アップサイクルとは?リサイクルとの違いもふまえて解説

 「アップサイクル」とは、本来廃棄される製品に対してデザインやアイデアを加えることで、より価値の高いものとして再生させることです。「創造的再利用」も呼ばれ、身近な例としては古着の生地を使ってぬいぐるみを作ることなどが挙げられます。
 似た用語として「リサイクル」がありますが、アップサイクルとリサイクルの違いは「原料に戻すかどうか」です。アップサイクルは製品そのものの形や特徴を生かして別の製品にアップフレードする一方、リサイクルは一度原料に戻し、それを原材料として新たな製品を作ります。アップサイクルのほうが製品を原料に戻すコストや手間・環境負荷がかからないことから、サステナブルな資源の活用法として注目されています。
 近年、環境問題への関心が高まり、SDGsへの積極的な取り組みを行う大学が増えてきています。本記事ではその中でも、アップサイクルに関する取り組みを積極的に行っている名城大学、立命館アジア太平洋大学、創価大学の3校の取り組みを紹介します。

名城大学の取り組み

 名城大学は、THE 日本大学ランキング2023の総合ランキング141-150位にランクインしています。
 名城大学では、学生の課外活動に対して大学が助成金を配布し、活動を支援する「Enjoy Learning プロジェクト」を実施しています。このプロジェクトにて「トップリーフ」というアップサイクル活動団体の企画が採択され、2021年度から活動を行っています。トップリーフが実施する「行き場をなくした服から新たな価値を作り出すアップサイクルプロジェクト」では、古着回収ボックスの設置、回収した古着のリメイク、製作した製品の展示会など、さまざまな活動を行っています。また、イオンモール大高店無印良品と協力して古着や空き箱から小物を作るワークショップを開催するなど、アップサイクルの知名度向上に取り組んでいます。
 さらに2022年度には、経済学部の伊藤志のぶ教授のゼミ生と名古屋聾学校生によって、愛知大学野球連盟から送られた折れたバットをアップサイクルして木工製品に生まれ変わらせるプロジェクト「SDGs大作戦」を実施しました。アップサイクルして制作したグッズの販売収入を愛知県緑化推進委員会の「緑の募金」に寄付し、緑化活動の支援へとつなげています。
 学生が主体的に考え、環境問題への取り組みを行っている点が、名城大学の特徴と言えます。

立命館アジア太平洋大学の取り組み

 立命館アジア太平洋大学は、THE 日本大学ランキング2023の総合ランキング22位タイにランクインしています。
 立命館アジア太平洋大学では、学長直下のプロジェクトである「SDGsの推進とエコキャンパスの実現プロジェクト」が2020年7月に開始。

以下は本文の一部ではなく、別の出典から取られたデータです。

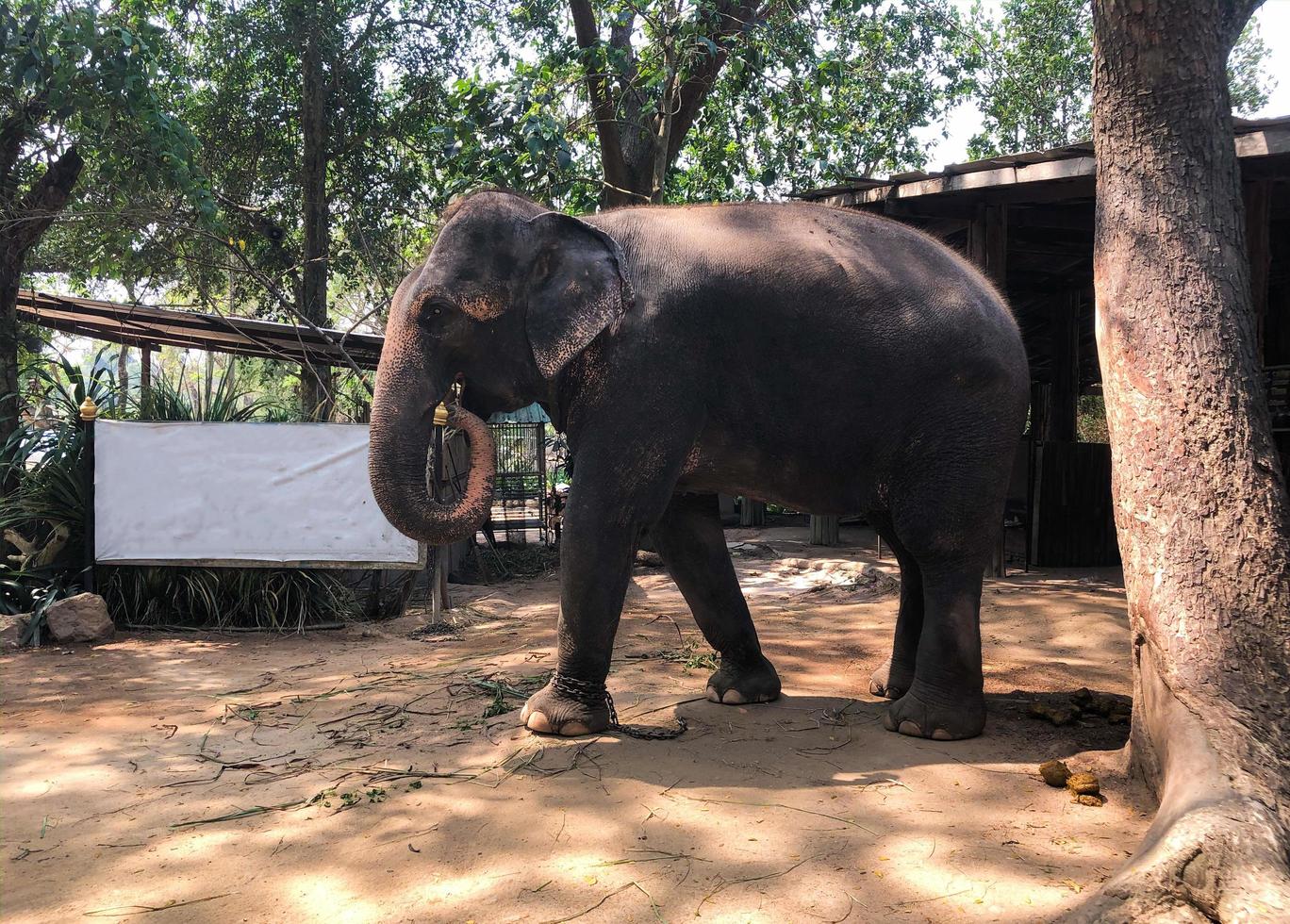 elefantes tailandeses em uma vila de elefantes em pattaya foto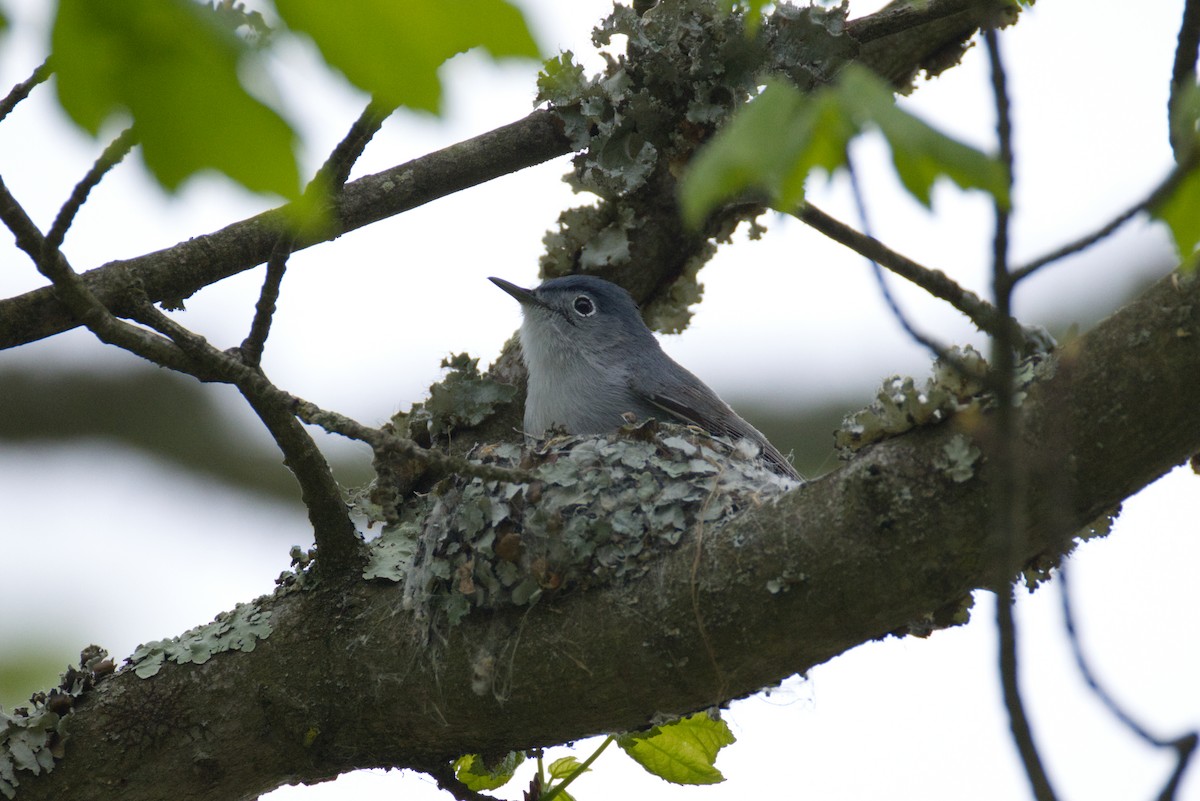 Blue-gray Gnatcatcher - ML634539887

同プロジェクトの中で、インドネシア出身の学生が母国のごみ問題に触発され、エコ活動団体「アップサイクル」を設立しました。「アップサイクル」は、「Upcycling」というワークショップの開催を通して、持続可能性と廃棄物管理の習慣を促進することを目標に取り組んでいます。
 また2023年4月には、持続可能な社会づくりを研究する「サステイナビリティ学」と、地域の経済・文化に影響を与える「観光」の両面から学修を行う「サステイナビリティ観光学部」が新設されました。専門教育科目には環境学、資源マネジメントの関連科目があり、サステイナブルビジネスなど、アップサイクルに関連する科目を受講することができます。
 グローバルな視点で環境問題の解決へ取り組んでいる点が、立命館アジア太平洋大学の特徴と言えます。

創価大学の取り組み

 創価大学はTHE 日本大学ランキング2023の総合ランキング74位にランクインしています。
 創価大学では、2023年6月に「アップサイクルグッズを作ろう」のワークショップを開催しました。ワークショップでは、図書館で不要になった新聞や雑誌等の紙類の廃棄物を、エコバックやブックカバー、パスケースなどの新たな品物に生まれ変わらせる取り組みを行っています。
 また、経営学部野村佐智代准教授ゼミでは、「企業評価と環境問題」をテーマに研究を行っており、プロジェクトの一つとして、サステナブルファッションの追求を行っています。具体的な取り組みとして、廃棄予定の生地からTシャツを作り、大学祭や東京ビッグサイトで毎年開催される環境展示会「エコプロダクツ展」にて販売しています。
 アップサイクルの実施に加えて販売も行い、環境とビジネスの双方から問題解決にアプローチしている点が、創価大学の特徴と言えます。